私が334-E地区ガバナー、334複合地区議長を仰せつかった時、スローガンに用いた言葉です。その意味合いは「上に立つ者と下に立つ者の両者が心で感じ合い、一致団結して事に臨んでいくこと」です。
1860年、勝海舟が日米修好通商条約の批准書交換のためにアメリカに派遣された時の船の名前が「咸臨丸」でした。日本国の威信がかかった大事業を、遣米使節員だけでなく船を動かす全ての者が心で感じ合い達成しようという意味を込め、命名されたものと思います。
この言葉をライオンズクラブに当てはめると、上に立つ者とは先人・先達・経験豊富なメンバーとなり、下に立つ者とは若人・新人・未来を担っていく次世代リーダーに当たります。ライオンズクラブでは上は90歳を過ぎた大先輩が活躍され、下は18歳から入会出来ることになっており、その間には70歳以上の年齢差があります。

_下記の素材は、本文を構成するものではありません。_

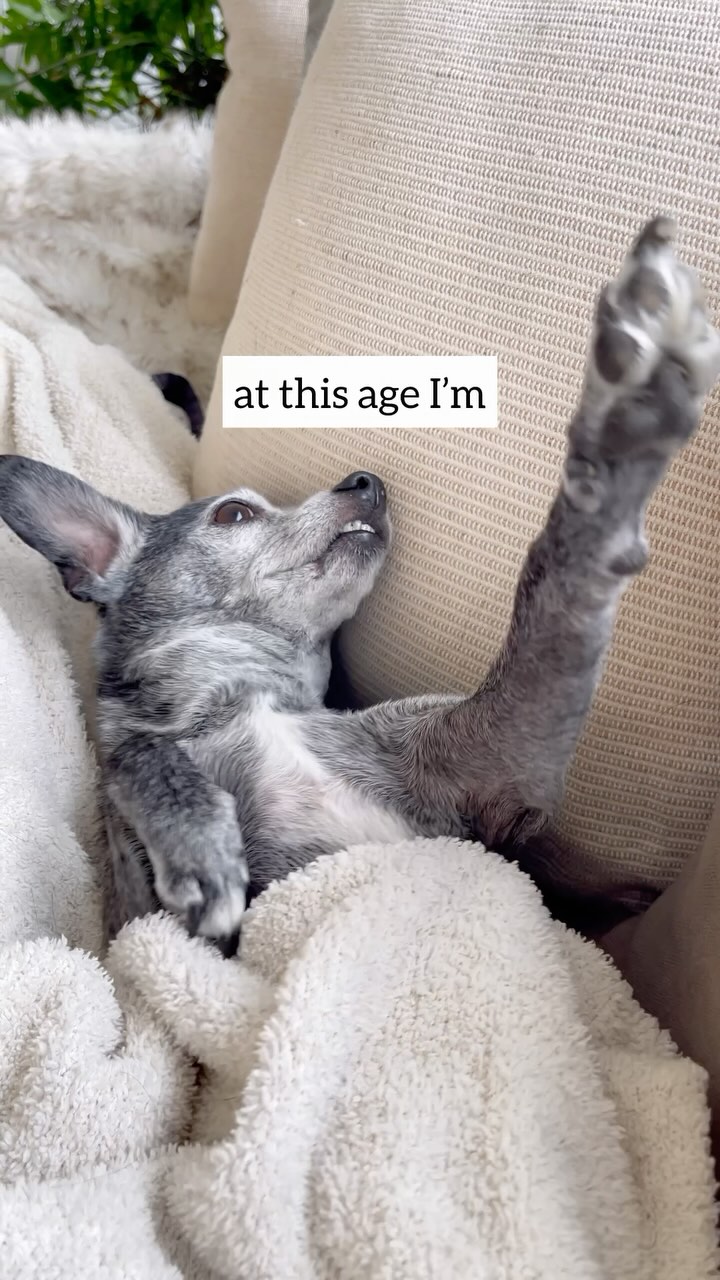 Same tbh #whitelotus #parkerposey #doglover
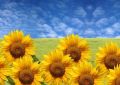 beautiful sunflowers with green grass and blue sky - fototapeta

クラブやゾーン、リジョン、地区などでいろいろな奉仕事業を行っていく中で、年を重ねたメンバーには豊富な人生経験で培った知識や知恵を伝えるなどの活躍の場があります。一方、若いメンバーには体力を発揮して活躍出来る場があり、将来のクラブ運営や地区・複合を背負って立つ金の卵でもあります。互いが認め合い、同じ方向に同じ歩幅で進み、それぞれの得意・不得意を補い合って協力し、一つの事業を成功に導いていく。それがライオンズクラブの在るべき姿だと思います。
ライオンズクラブは年齢差を超えて友好を深められるすばらしい組織であり、個の人格形成と人間的な成長に大いに役立つ場だと思います。そんな組織の一員として積極的に活動し、仲間を増やし、地域社会のために共にがんばろうではありませんか。